_TASK ITEM_: Starting at the line that contains "A pair of walnut" and stopping at the line that contains "Polished Shungite tumbled", restate each line of the records below exactly. Omit the pictures.

_EXCERPTED DATA_:
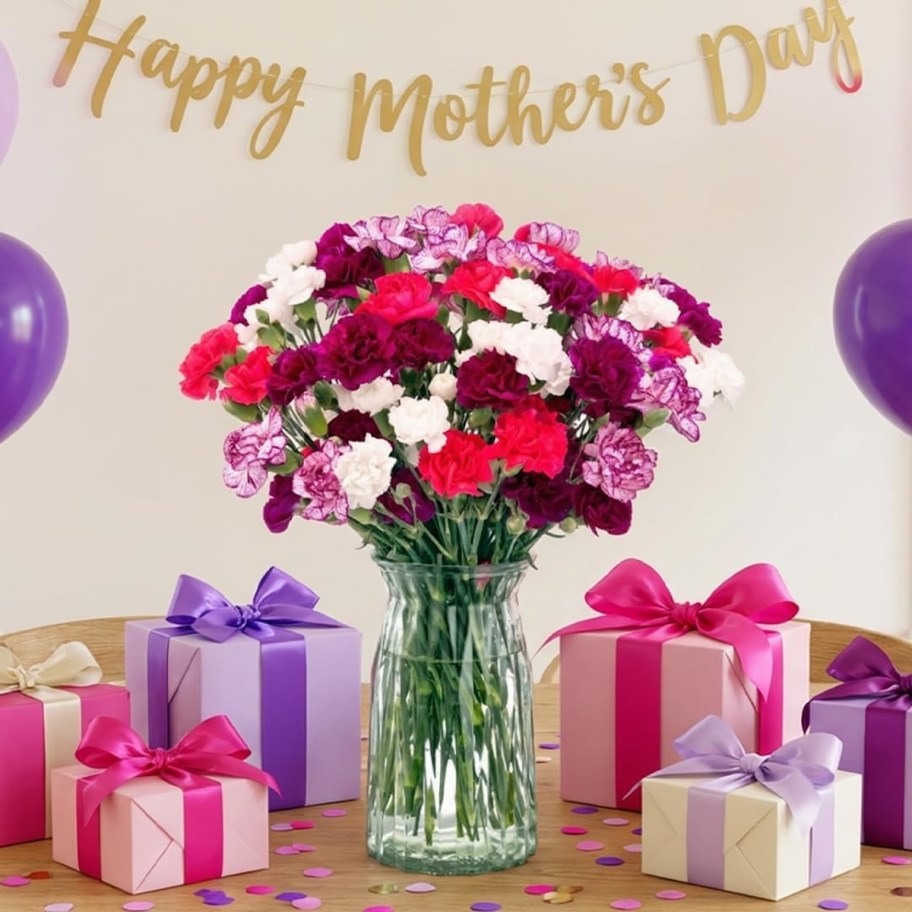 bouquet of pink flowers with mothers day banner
---
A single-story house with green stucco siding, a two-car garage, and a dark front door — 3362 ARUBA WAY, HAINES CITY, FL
==
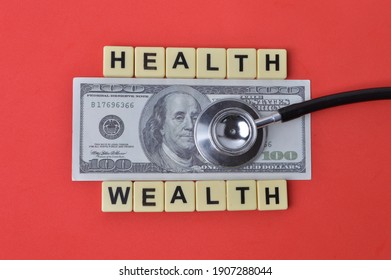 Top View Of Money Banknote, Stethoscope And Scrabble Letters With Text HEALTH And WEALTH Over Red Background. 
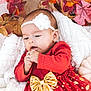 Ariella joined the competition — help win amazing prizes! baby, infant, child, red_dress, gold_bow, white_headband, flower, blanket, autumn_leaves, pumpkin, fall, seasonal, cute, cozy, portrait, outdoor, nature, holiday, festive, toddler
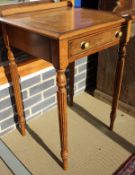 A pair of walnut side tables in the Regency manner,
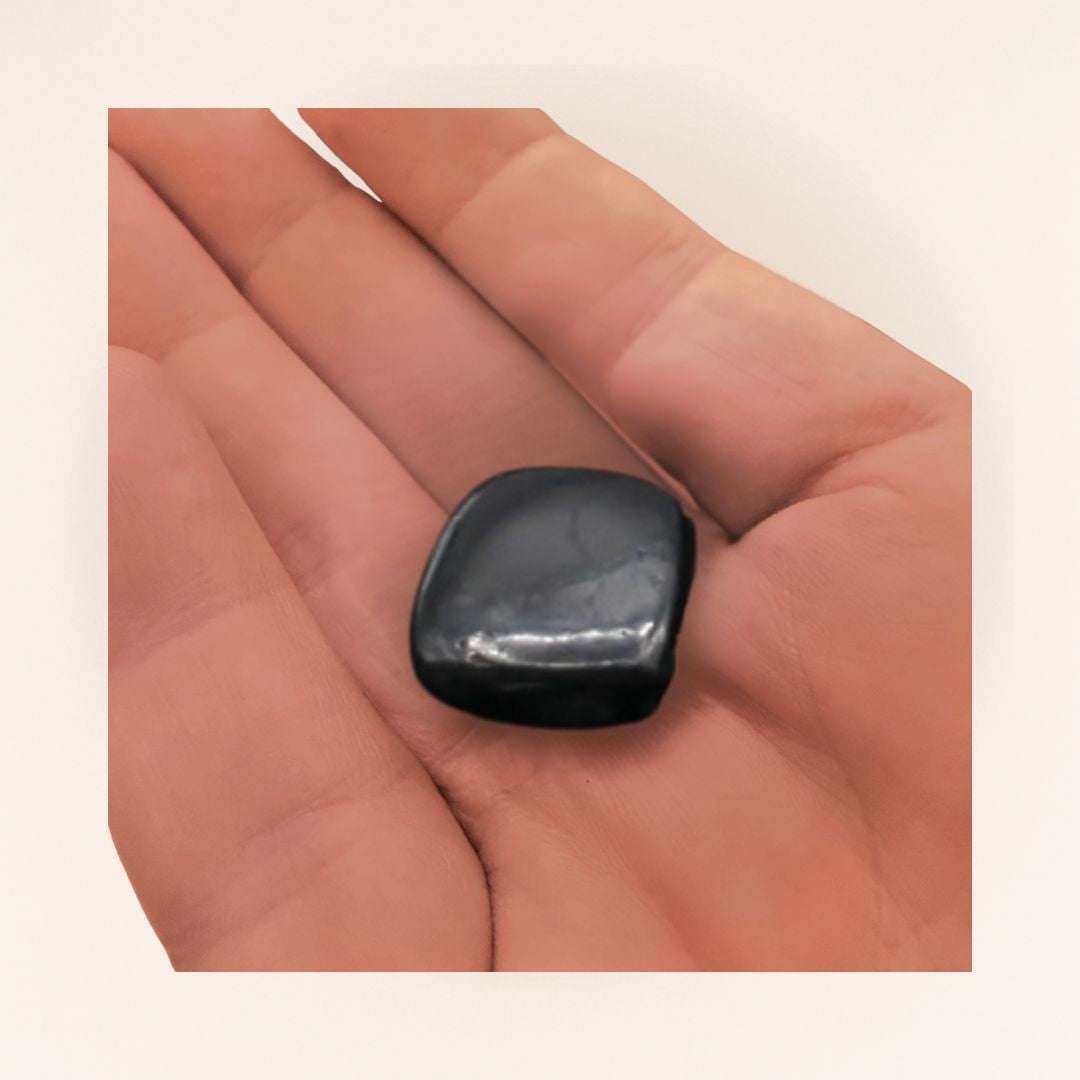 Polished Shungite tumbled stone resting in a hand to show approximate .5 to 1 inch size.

_RESULT FOR THIS EXERCISE_:
 A pair of walnut side tables in the Regency manner,
 Polished Shungite tumbled stone resting in a hand to show approximate .5 to 1 inch size.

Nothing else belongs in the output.